Barclays PLC has been sued by New York Attorney General Eric Schneiderman for reportedly lying about how it favors high-frequency players in the stock-trading business it runs, according to the Wall Street Journal.
The lawsuit was filed on Wednesday and it claims that Barclays took part in fraudulent activity that is related to trading venues known as a ‘dark pool.’ This is when orders to buy and sell are reported to the public. The reports permit the investors to hide their interest and hide from firms.
The dark pool, called LX, has been accused of favoring traders who are of high-frequency who move in-and-out of markets quickly. The bank has also downplayed which traders use the system and to what degree they use it. The bank has just 20 days to respond to thre charges.
A spokesman for Barclays, Mark Lane, told The Wall Street Journal, “We take these allegations very seriously. Barclays has been cooperating with the New York attorney general and the SEC and has been examining this matter internally.

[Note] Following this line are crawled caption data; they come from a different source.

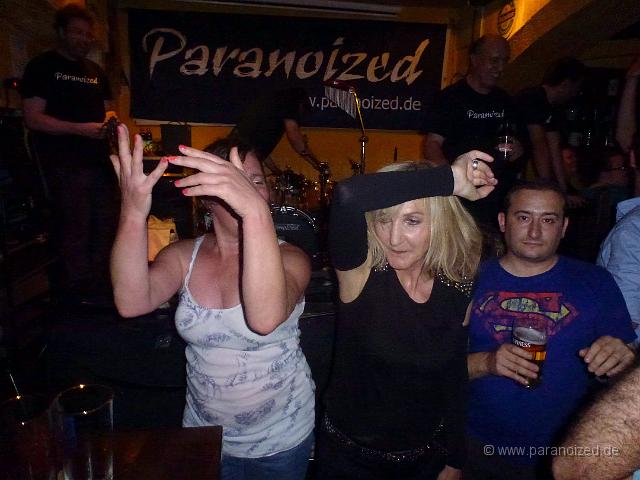 P1010241.JPG - noch ein bische Dancen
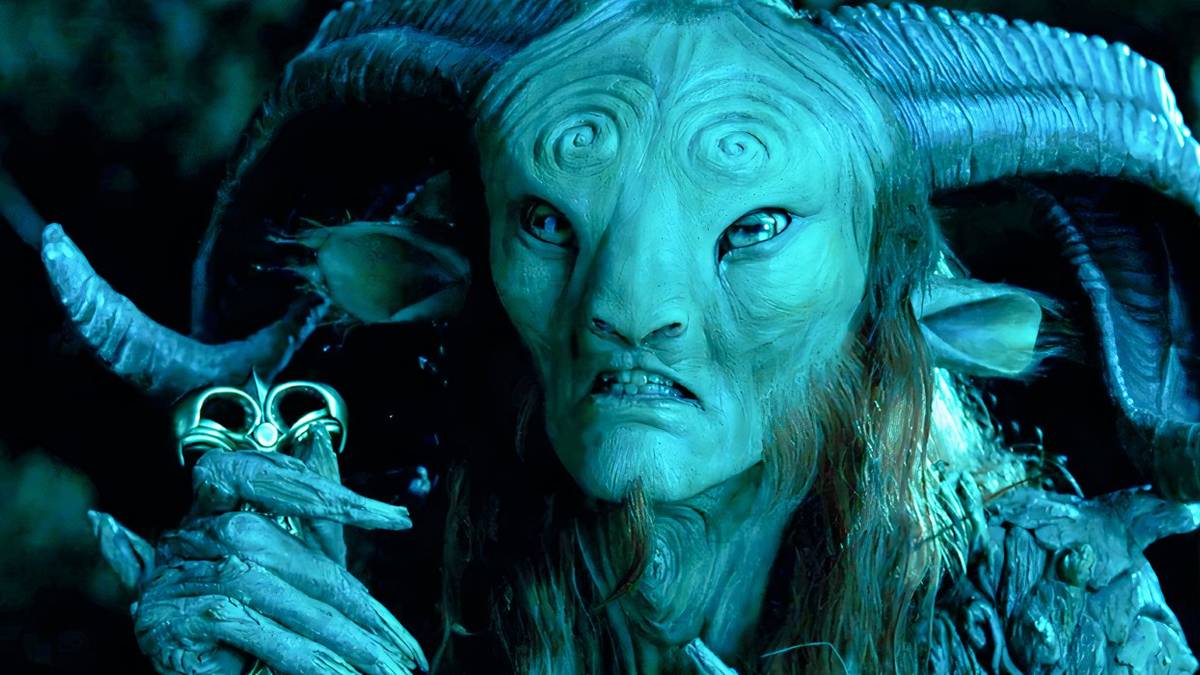 10 Greatest Movie Endings of the 21st Century, Ranked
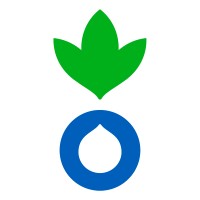 Action Against Hunger (ACF) - Pakistan logo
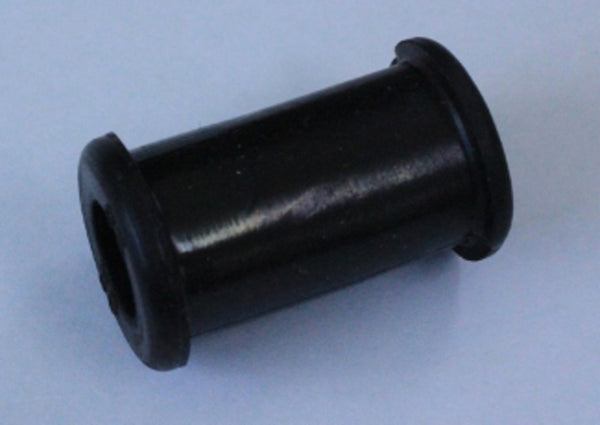 „Tourmax Silent Blocs“ - 10 vienetų GRM -125/10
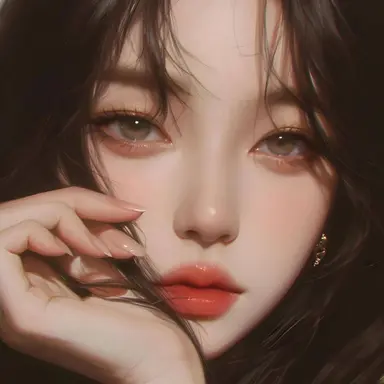 Profile image of 서지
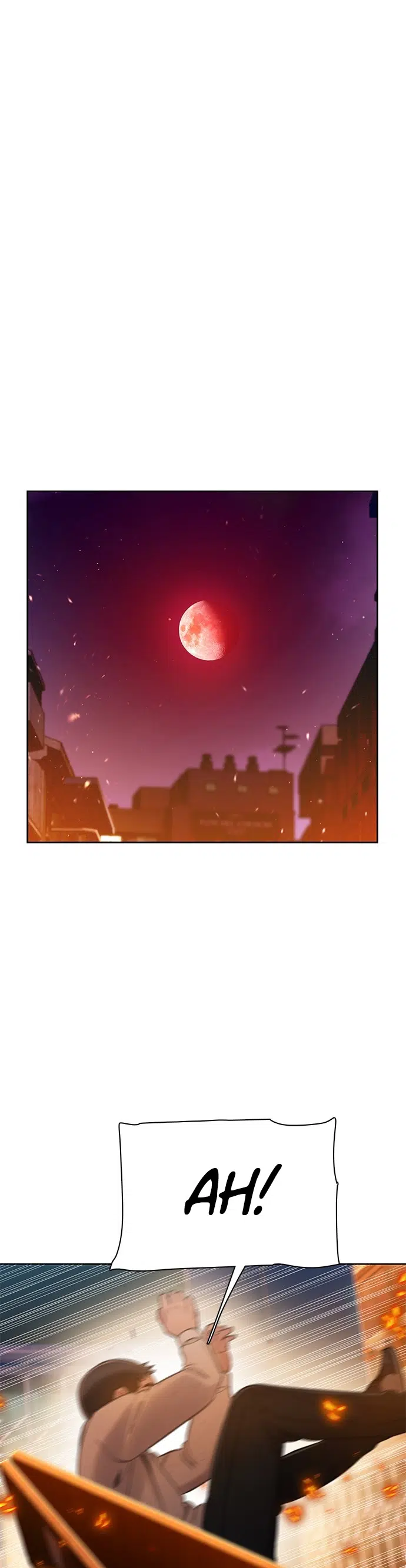 DARK MOON: The Grey City - Bölüm 37 Sayfa 2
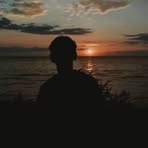 Mk Miller - Facebook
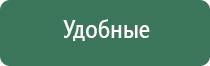 ДиаДэнс Пкм электроды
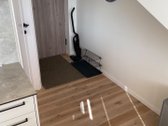 Iki Vasaros Sezono Nuomojamas 1 Kambario - nuotraukos Nr. 13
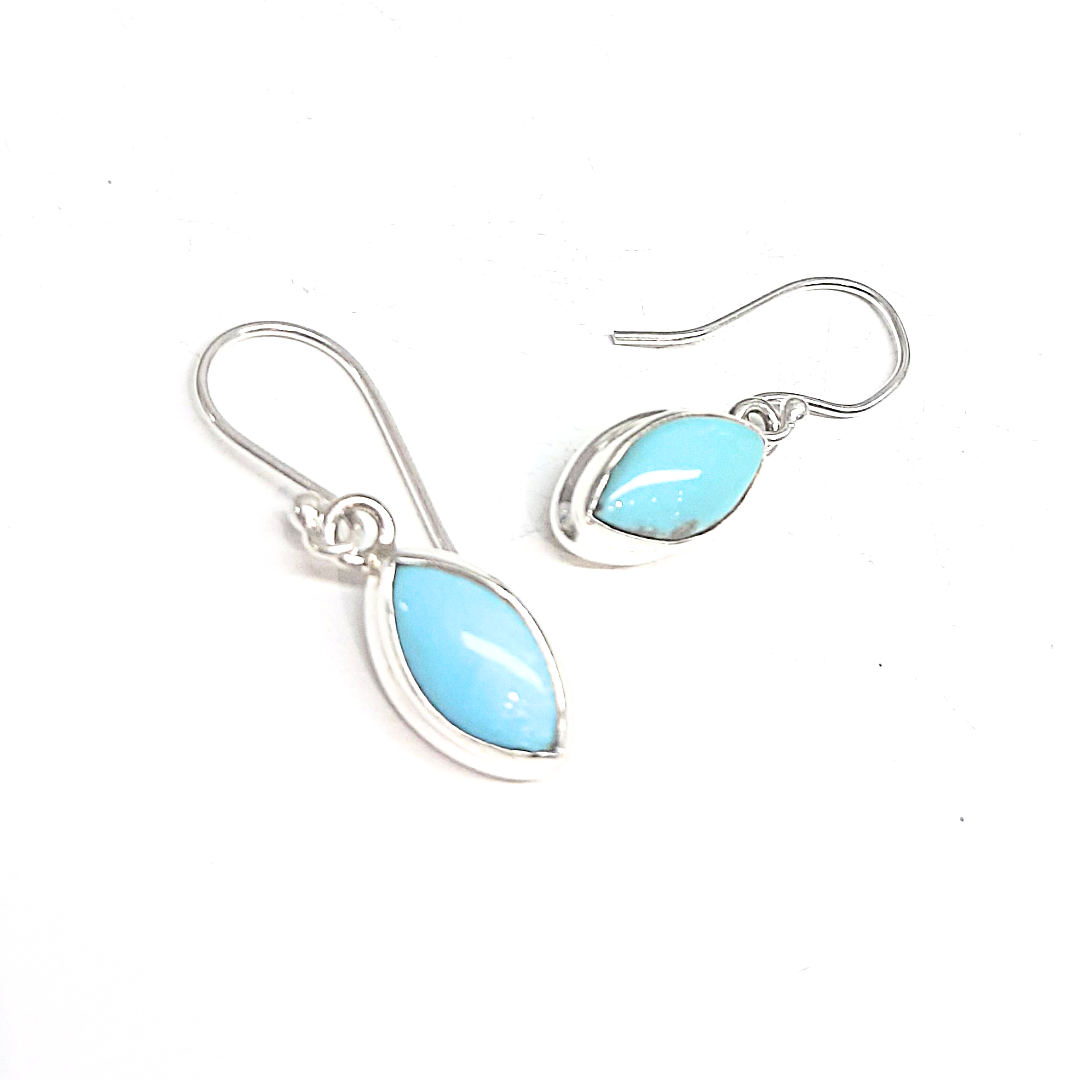 Earring - E435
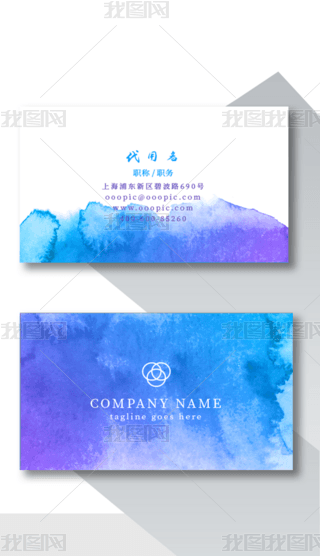 {(ln)ɫˮL(fng)(g)Ƭģ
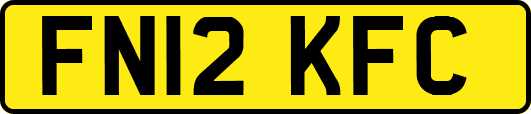 FN12KFC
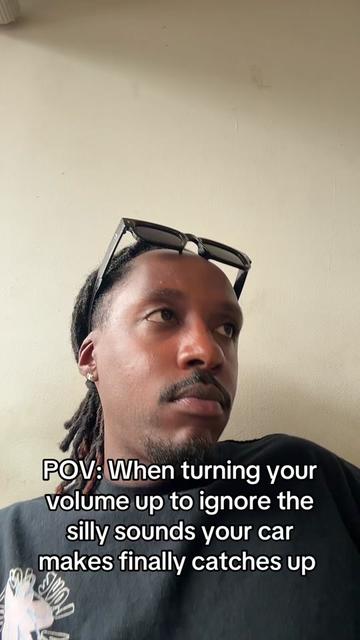 @JustALilCrispy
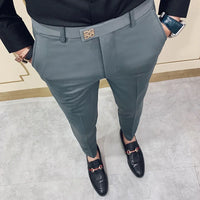 1 Grey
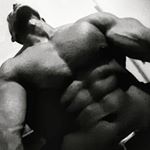 Profile Picture of Stephen Preston (@stephen.preston.upclose) on Instagram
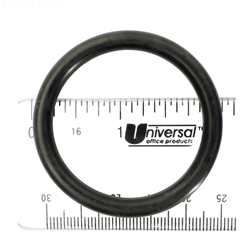 35505-1313 | O-Ring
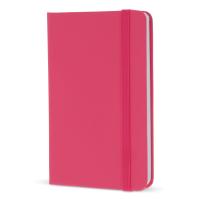 Notitieboekje A5-formaat met full-colour opdruk - Yana Gifts
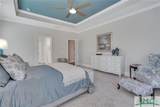 113 Hope Lane - Photo 23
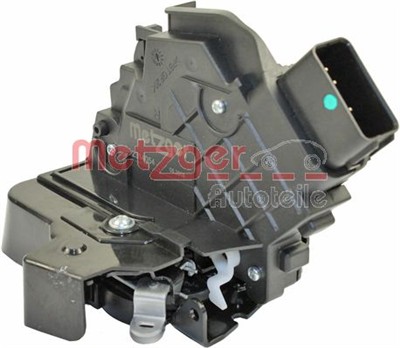 METZGER 2314054 EAN: 4062101009234.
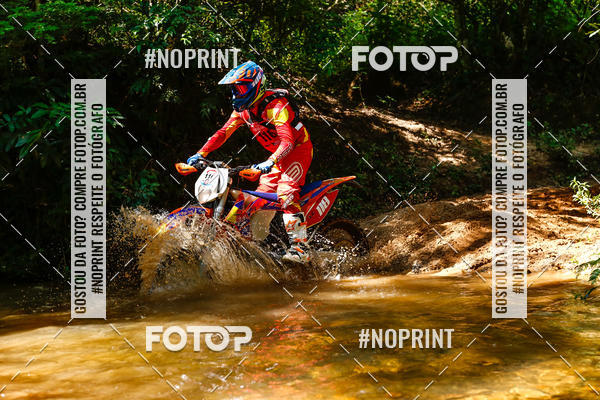 Buy your photos of the eventAbertura da Copa Sul Mineira de Regularidade 2019 on Fotop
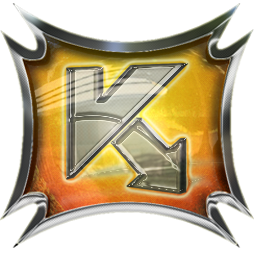 kaspersky icon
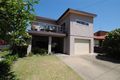 Property photo of 24 The Mall Culburra Beach NSW 2540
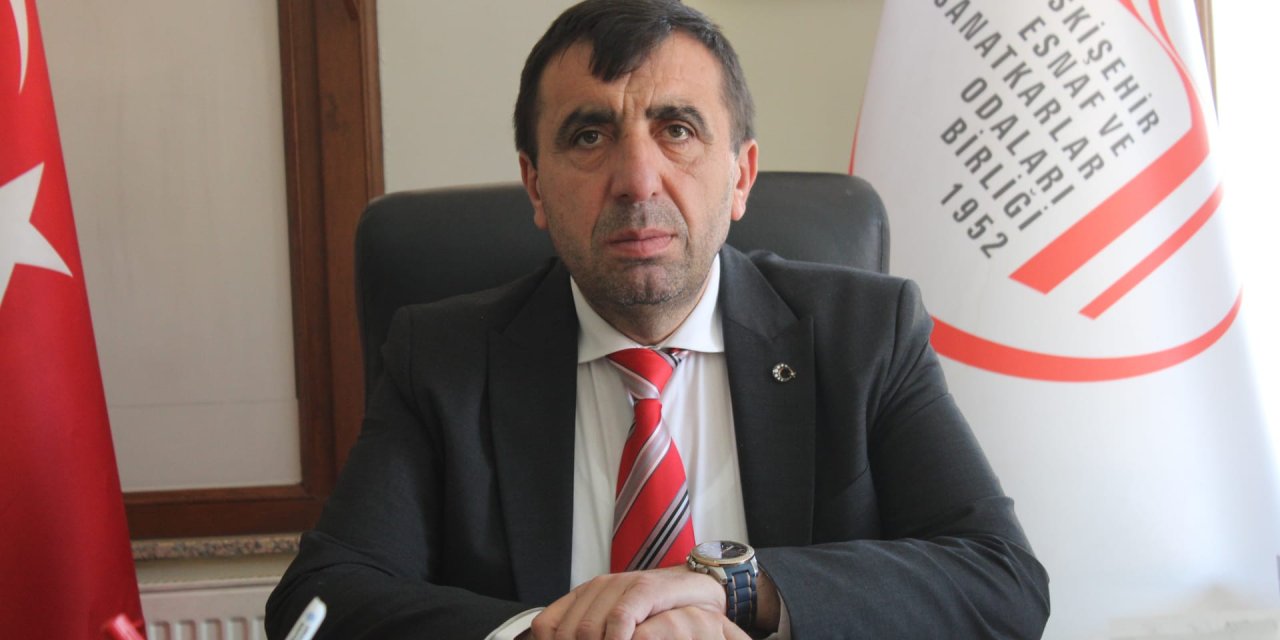 “Marketlerde pazar kurulunca fiyatlar indirimli sonra iki katı”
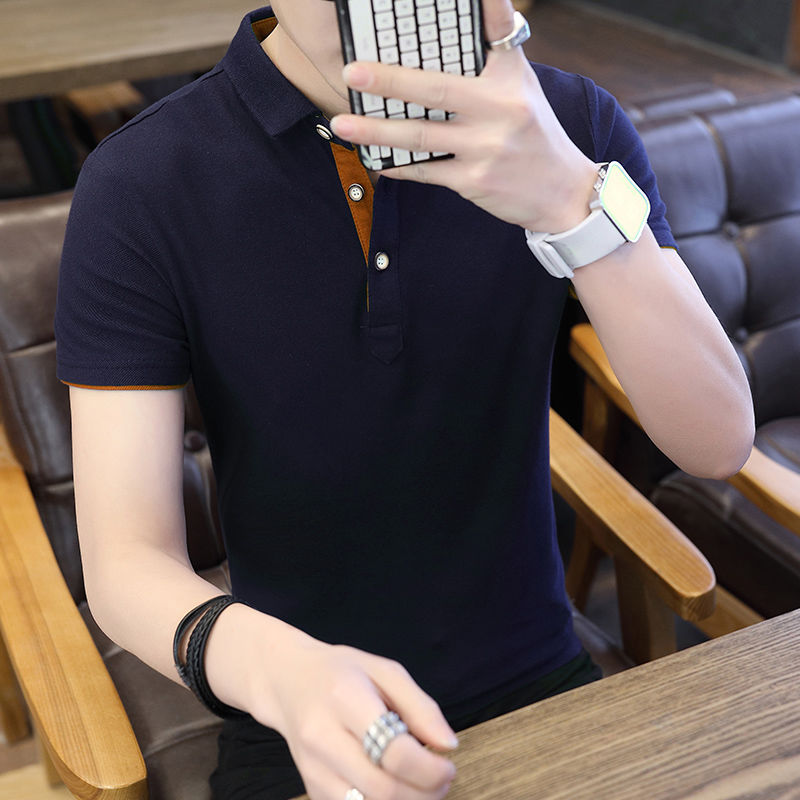 男人上衣千万别塞裤腰带里!太土，北京爷们这么穿，女人看呆了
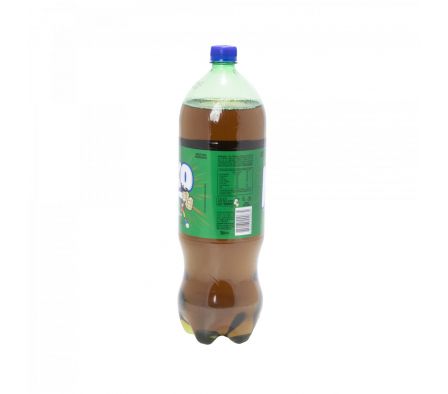 GASEOSA NIKO GUARANA 2 LTS.
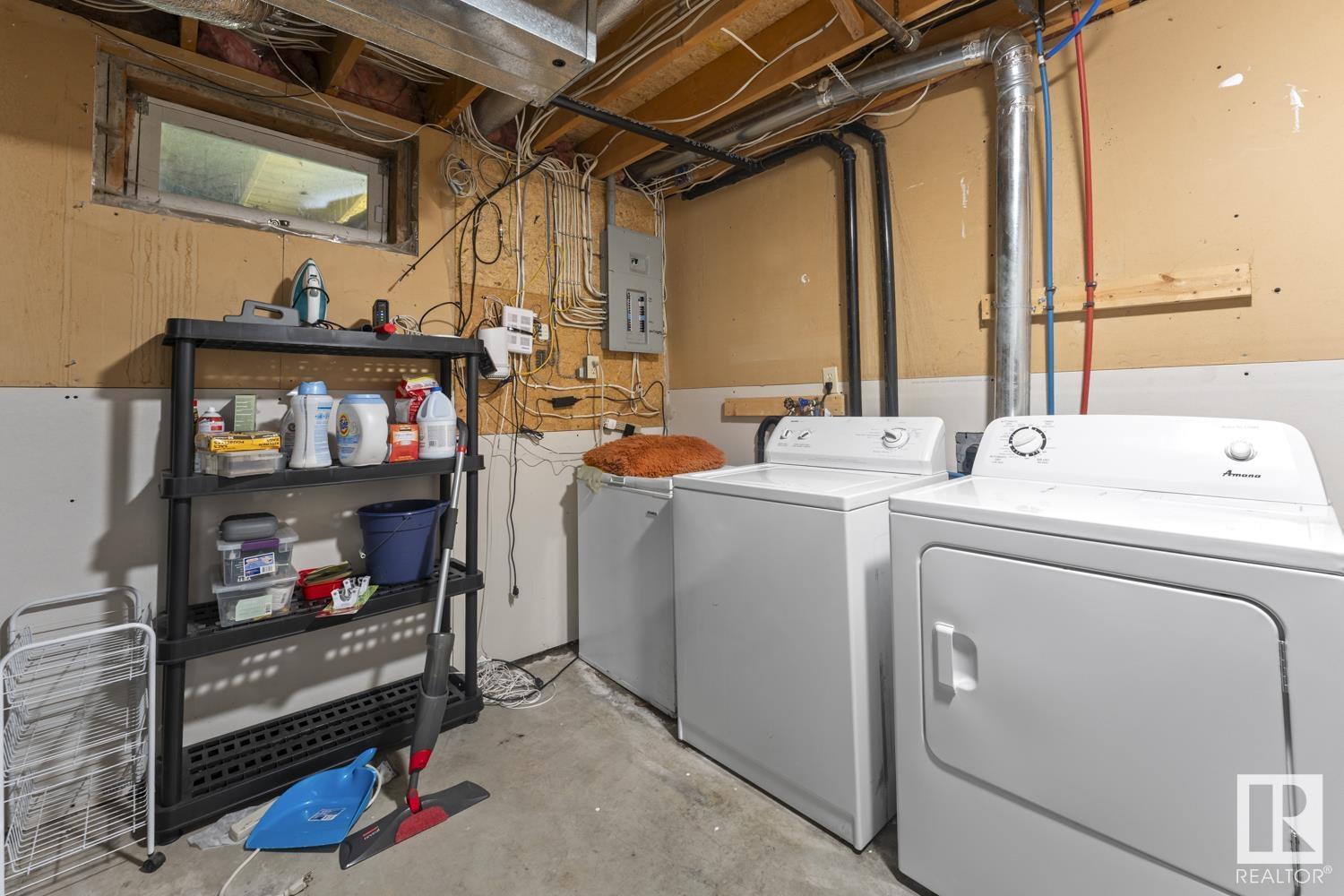 625 12 St, Cold Lake, Alberta  T9M 1B1 - Photo 27 - E4448647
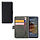 Mobilize Classic Gelly Wallet Book Case Xiaomi Redmi A7 4G Zwart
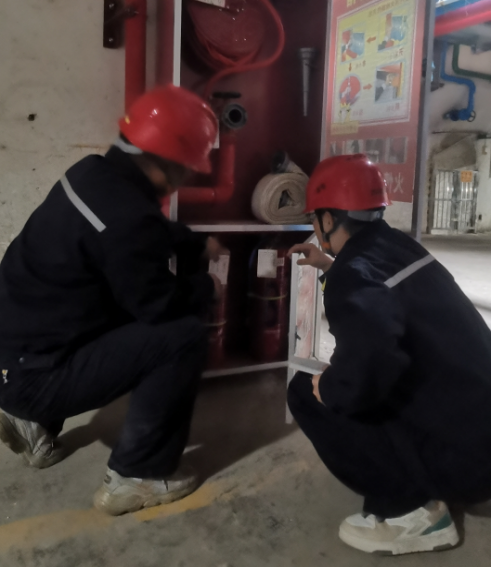 图片.png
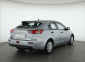 Mitsubishi Lancer, 2009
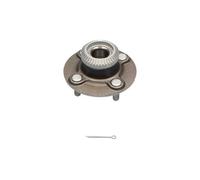 KAVO PARTS WBH-6518 Kit cuscinetto ruota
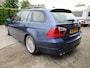BMW BMW ALPINA ALPINA D3 TOURING Nieuwstaat alle opties UNIEK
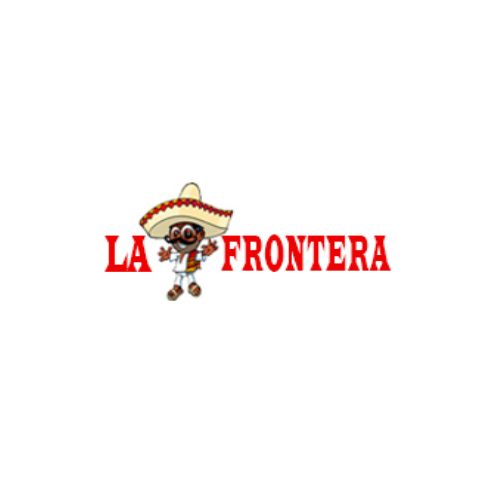 La Frontera logo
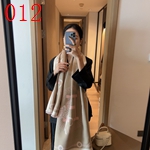 人気マフラー激安通販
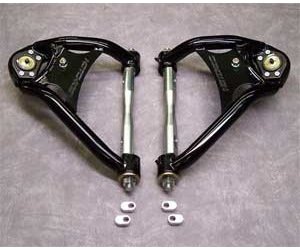 Upper Control Arms 1967-1969 GM F-Body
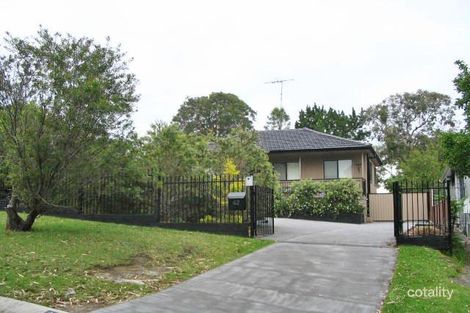 42 Corella Rd, Kirrawee, NSW 2232
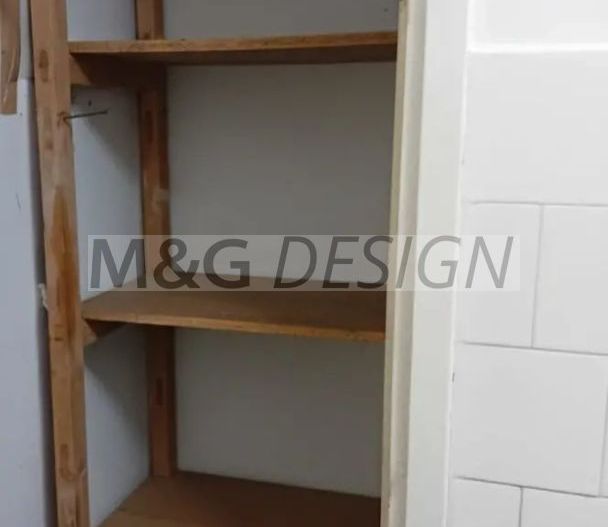 Apartament 2 camere zona Girocului, confort 1, amenajari clasice - Poză 5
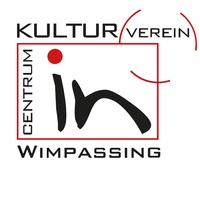 Kulturcentrum, Wimpassing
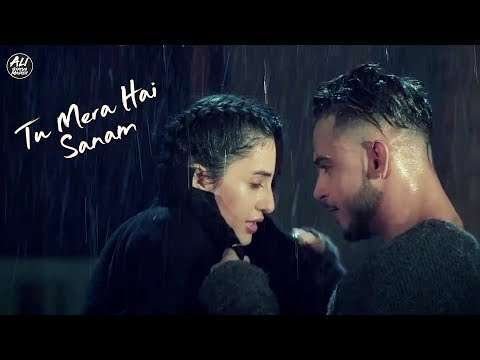 Naino ki to baat naina jaane | love status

The integrity of the markets is a top priority of Barclays.”
The lawsuit claims that the bank told clients it protected them from high-speed firms, but it “operated its dark pool to favor high-frequency traders.”
The complaint continued with, “Barclays has actively sought to attract such traders to its dark pool, and it has given them advantages over others.”
Only one high-speed trading client of Barclays is named in the lawsuit; Tradebot Systems Inc. The company declined to comment.